ACTION ITEM ::
Repeat only the lines below that run from the line with "ทรงคอนเวิร์ส สวย เท่" to the line with "Kit 40 Etiquetas", ends included; skip every picture.

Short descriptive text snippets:
——

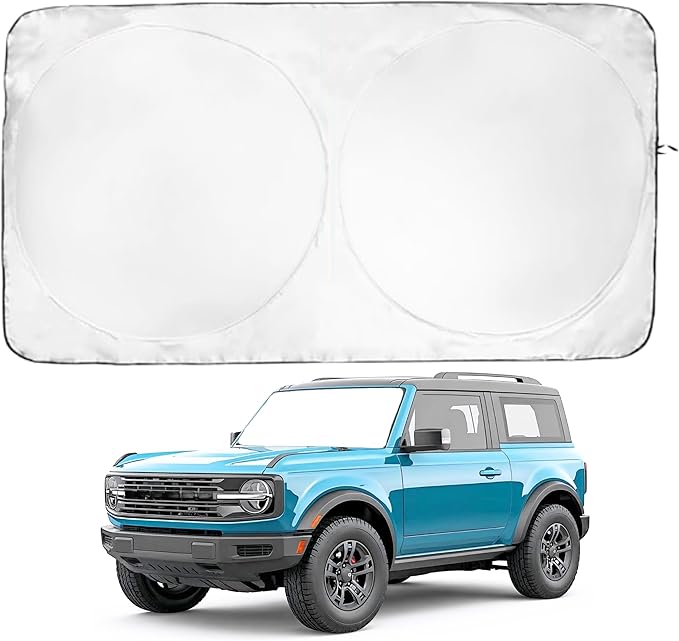 Windshield Sun Shade -Certified 99.87% UVB & 99.02% UVA Car Sun Shade. Award Winning Sunshade - Patented Technology | Compatible for Ford Bronco (2021-2026) | Car Shades by Kinder Fluff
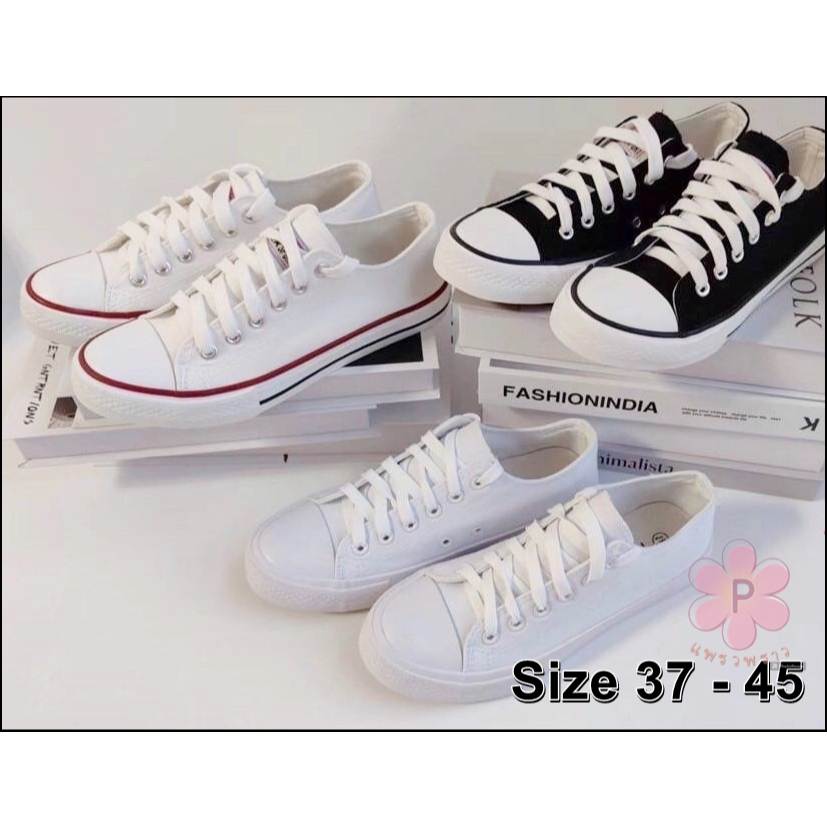 👟รองเท้าผ้าใบสีขาว ทรงคอนเวิร์ส สวย เท่ คลาสสิก ผ้าแคนวาส Size 37-45  ,A-6,8067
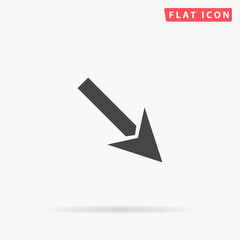 Down Right Arrow flat vector icon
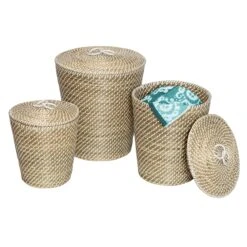 Natural/White Seagrass Snake Charmer's Nesting Baskets (Set Of 3)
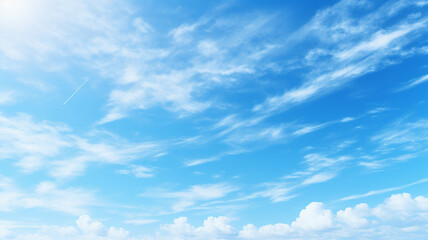 background blue sky with light white clouds, abstract view of the sky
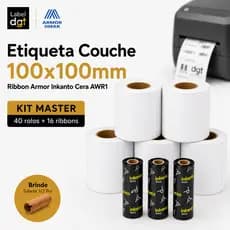 Kit 40 Etiquetas Couche 100x100 + 16 Ribbons Cera 110x74 Armor Inkanto Zebra Argox Envios Ecommerce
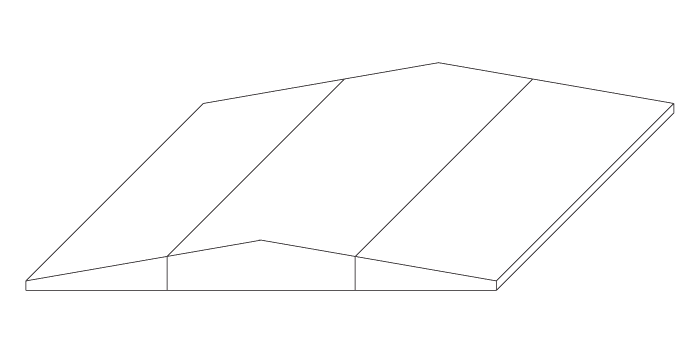 Outline of a 3 piece roof skin. Clicking this image will open an editable pdf where you can enter your roof skin dimensions.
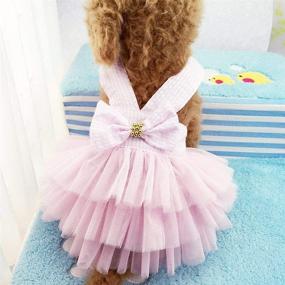img 4 attached to 🐶 SEO-Optimized: Pet Dog Princess Dresses with Striped Mesh for Fashionable Canines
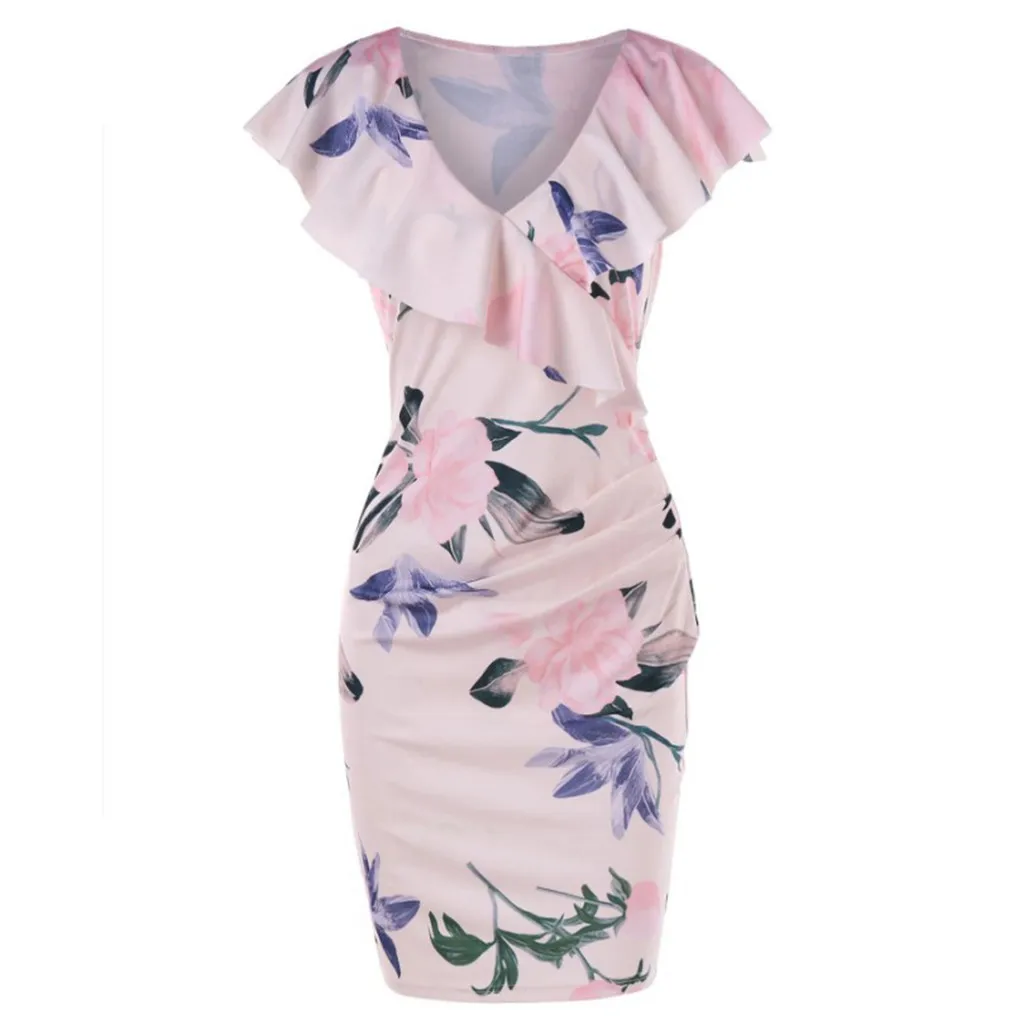 Женское летнее платье с v-образным вырезом сексуальные Повседневные Вечерние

——

SOLUTION BELOW ::
 👟รองเท้าผ้าใบสีขาว ทรงคอนเวิร์ส สวย เท่ คลาสสิก ผ้าแคนวาส Size 37-45  ,A-6,8067
 Down Right Arrow flat vector icon
 Natural/White Seagrass Snake Charmer's Nesting Baskets (Set Of 3)
 background blue sky with light white clouds, abstract view of the sky
 Kit 40 Etiquetas Couche 100x100 + 16 Ribbons Cera 110x74 Armor Inkanto Zebra Argox Envios Ecommerce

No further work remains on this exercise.